Se me perguntassem o que realmente funciona nesse país, diria sem pestanejar: as capelinhas. Para quem anda meio desligado, esse é o nome dado ao movimento religioso que promove o rodízio de imagens da Virgem Maria nos lares católicos. É um verdadeiro milagre: Maria acomodada numa caixinha de madeira de no máximo dois quilos circula durante um mês por 30 famílias, 24 horas em cada uma. Os próprios donos da casa ficam encarregados de no dia seguinte bater palmas na porta do vizinho, rezar uma Ave-Maria e fazer o repasse da santa, sem quebrar a corrente jamais. Via de regra, aproveitam para colocar a conversa em dia, ritual extra-religioso que responde por parte do sucesso do sistema. No mais, é esperar a fila andar. A Virgem sempre volta.
Tem sido assim nos últimos 120 anos, desde que o missionário claretiano José Maria Santistevan decidiu criar, em Guayaquil, no Equador, uma espécie de "visita circulante da Madre de Cristo". Pegou. Em Curitiba, a prática chegou em 1937 por obra e graça de outro claretiano, padre Roberto Peres, que trabalhava na Paróquia do Imaculado Coração de Maria, na Praça Ouvidor Pardinho. Logo a onda se espalhou pelos pinheirais, promovendo entre os reservadíssimos habitantes do Primeiro Planalto não só a reza do terço, mas a arte de prosear no muro, para surpresa dos incrédulos.
Pode-se afirmar com cálculos tão seguros quanto os do Ipardes que o movimento das capelinhas é um assombro estatístico. Só na Arquidiocese de Curitiba são 10 mil boxes equipados com Nossa Senhora, um minúsculo cofre para donativos e uma lista de participantes. Como cada um desses minissantuários circula em 30 residências, a legião de capelinhas da Mitra atinge 30 mil famílias. Se cada família for multiplicada por cinco média de residentes por domicílio, aleluia, tem-se a multidão: 150 mil pessoas, incluindo os menos piedosos que porventura dividam o mesmo teto com marianos devotados. Ao ver na mesa da sala a bela lapinha com as portinholas abertas, não custa nada dar um alô. Os anjos dizem amém.

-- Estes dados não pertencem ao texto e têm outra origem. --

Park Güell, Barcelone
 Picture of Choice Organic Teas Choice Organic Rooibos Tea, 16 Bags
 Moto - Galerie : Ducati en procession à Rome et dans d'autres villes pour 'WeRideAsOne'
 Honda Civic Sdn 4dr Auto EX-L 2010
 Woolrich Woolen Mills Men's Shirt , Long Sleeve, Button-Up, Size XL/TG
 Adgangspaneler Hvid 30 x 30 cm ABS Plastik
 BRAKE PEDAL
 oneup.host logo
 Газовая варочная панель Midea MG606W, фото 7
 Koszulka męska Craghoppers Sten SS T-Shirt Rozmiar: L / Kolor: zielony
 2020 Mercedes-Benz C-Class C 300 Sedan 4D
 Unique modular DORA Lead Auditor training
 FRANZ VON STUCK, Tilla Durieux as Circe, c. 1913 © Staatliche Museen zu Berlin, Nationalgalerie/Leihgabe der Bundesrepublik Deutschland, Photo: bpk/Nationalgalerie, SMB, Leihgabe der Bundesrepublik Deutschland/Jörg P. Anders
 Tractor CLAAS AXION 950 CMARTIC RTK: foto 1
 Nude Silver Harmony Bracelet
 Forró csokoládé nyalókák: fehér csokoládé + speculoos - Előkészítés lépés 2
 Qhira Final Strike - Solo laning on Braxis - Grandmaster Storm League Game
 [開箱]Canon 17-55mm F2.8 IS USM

Para não dizer que só falei das flores, há filas de espera para se inscrever nas capelinhas S/A. Além de quê, vez ou outra, a entrega atrasa. Tem de dar busca. Os motivos são nobres sabe-se das donas de casa que seqüestram a imagem para se desdobrar em rezas enquanto suas crias fazem vestibular na UFPR. E das que com medo de ladrão principalmente quando descem até Matinhos na temporada empregam a Mãe de Jesus como segurança particular.
Mesmo assim, os organizadores das capelinhas deveriam dar consultorias em Brasília. Em mais de um século de circulação ininterrupta o sistema apresentou raríssimas baixas, vandalismos ou profanações. É barato, sustentável e baseado na lealdade dos participantes como há muito não se via. No máximo, alguém vira evangélico e manda riscar seu nome do caderninho. Ainda assim, sai no lucro aquele vizinho que parecia de pouca conversa permanece um boa-praça e, quem sabe, uma referência num futuro crediário.
Em tempo
Há 19 anos, a professora Educação Física e de francês Yara Schwarz, 70, é responsável pelas capelinhas da Arquidiocese de Curitiba. Não se trata de um Fidel Castro com terço na mão. A aposentada ora é reeleita ora é convidada pelo arcebispo a permanecer no posto o que obedece de bom grado.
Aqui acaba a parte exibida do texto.